There has been a lot of discussion this week of BT’s wholesale content connect product, so I thought it would be helpful to unpack the story and explore exactly what BT’s product is (and is not), and what the views are of those objecting.
Let’s start with BT’s side of the story. BT has a dedicated microsite, explaining the product as they see it.
Their ‘How’ animation explains that the product consists of local caches for video content, with delivery to the caches via links which guarantee end to end quality of service – this new infrastructure bypasses the internet, which doesn’t prioritise video packets. Although not stated by BT these caches and associated delivery network clearly have required BT to incur both incremental capital and operational costs.
BT explains their rationale in their ‘Why’ animation as the increasing growth of ‘over the top’ video, particularly to TV screens (as opposed to PC screens).
In terms of benefits, BT explain these for different groups as follows:
- for users a guaranteed broadcast quality viewing experience with no buffering;
- for content owners a better user experience, customer interactions and new advertising revenue; and
- for ISPs more cost-effective delivery of video and the opportunity to provide new digital media services.
What BT don’t explain in their published materials (although it is implicitly alluded to in the description of benefits for content owners and ISPs above) is the commercial model. For content owners in particular, it is unclear why they would want to either pay directly, or indirectly, for use of BT’s product. A key issue to watch is whether use of this wholesale product can be used to either increase ISP end-user revenues or content owner advertising / subscription revenues, and if either is true how the cake gets shared between the content owners, ISPs and BT.
Open Rights Group comments
By contrast (although not surprisingly given relative resources and also as a reaction) the Open Rights Group comments are quite brief, so worth quoting in full:
“We are talking about ISPs competing with the Internet for content delivery. Whether films, music or gaming services, the idea is that ISPs will deliver content better and more reliably than the Internet. That says a lot about the state of investment in our Internet.
The result could be a fundamental shift away from buying services from the Internet to bundled services from ISPs: which would reduce competition and take investment away from Internet companies. That would be bad for everyone.”
Whilst they clearly don’t like BT’s proposal, it is not clear exactly what they are positively advocating. Is it that BT shouldn’t offer this product at all, which wouldn’t help to enable over the top video viewing, or that BT shouldn’t charge for this service / enable ISPs to cut content deals with content owners? The former seems like a bad consumer outcome and the latter a decision that would be in direct conflict with BT’s directors’ duty to act in the interests of their shareholders (i.e. only invest capital where a return is likely).
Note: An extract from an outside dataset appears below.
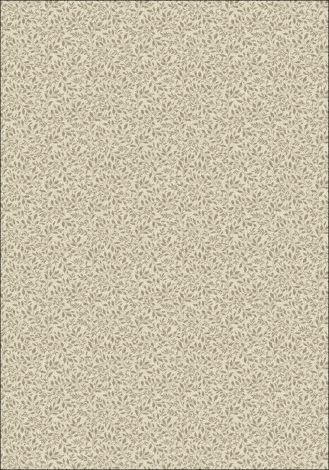 Thicket Breezing Beige Imagine Figurative Collection Area Rug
Their objection to ISPs bundling content with access is also worth unpicking. I can see how this might be objectionable where there is no choice of access provider (which I understand to be driving the net neutrality debate in the US), but where there is effective retail competition between ISPs, underpinned by effective wholesale regulation of BT (as is the case in the UK), it seems to me that bundling and resultant multi-dimensional product competition is a good outcome in terms of driving product innovation and delivering consumer choice.
End to net neutrality?
The first point to make is that BT’s product is not about ‘internet’ traffic management or prioritisation at all – it is a separate content delivery network sitting alongside the internet. Both ISPs and content owners are able to use the internet for content delivery.
If BT’s product is assessed against Ofcom’s current view of applicable net neutrality rules, provided that BT doesn’t degrade or block video traffic passing over the internet, then from the information available it wouldn’t appear to breach current rules.
Another related development is the proposed traffic light system for the BBC iPlayer, which will enable users to see how ISPs are managing video traffic – this type of user transparency could be turned against the ISPs by the content owners.
However, this debate will clearly run and run, so I will no doubt return to the issue in future posts. (With thanks to @mattjphillips for his input – mistakes are all my own).